Very sophisticated simulation programs are needed to assess and minimize the impact of process variations on transistors and chips. These must start with the simulation of the fabrication equipment and process, and then simulate the behavior of the transistors and finally that of the electronic circuits. Such a system of simulation programs has been developed within the project “Circuit Stability Under Process Variability and  Electro-Thermal-Mechanical Coupling” (SUPERTHEME) which has been funded by the European Union from October 2012 to December 2015 within its Seventh Framework Programme. For the first time, the combined impact of process variations occurring at different steps of the fabrication process can be predicted.  This helps the industry to select and adapt their process flows, transistor structures and electronic circuits to assure that nanoelectronic chips still work in spite of these process variations. This holds both for very small digital transistors, as used in smartphones, and for larger analog circuits used for example for sensing applications, where it is important that nominally identical transistors also behave identical in real application.

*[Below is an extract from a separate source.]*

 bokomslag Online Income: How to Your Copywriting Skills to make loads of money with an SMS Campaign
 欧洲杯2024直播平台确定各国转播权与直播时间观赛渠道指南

Key software developed within SUPERTHEME is already being commercialized by the Scottish software house Gold Standard Simulations (GSS) which has been one partner within the SUPERTHEME consortium coordinated by Fraunhofer IISB in Erlangen, and has strongly grown among others by exploiting results from SUPERTHEME.  The success of SUPERTHEME has been enabled by the combination of expertize and commitment of a semiconductor company (ams), four equipment companies (ASML, HQ-D, IBS and LASSE), the software house GSS, the research institutes Fraunhofer IISB and IIS/EAS, the University of Glasgow and the Technical University Wien. The software is already being used at leading edge semiconductor companies in Europe and beyond and helps to develop better products e.g. for computing, communication and sensing.  Quite surely the SUPERTHEME software will be used in the development of quite a lot of nanoelectronic products which you might buy and use in future. One example might be your next smartphone, which can guide your use of spices in the kitchen by searching for new recipes.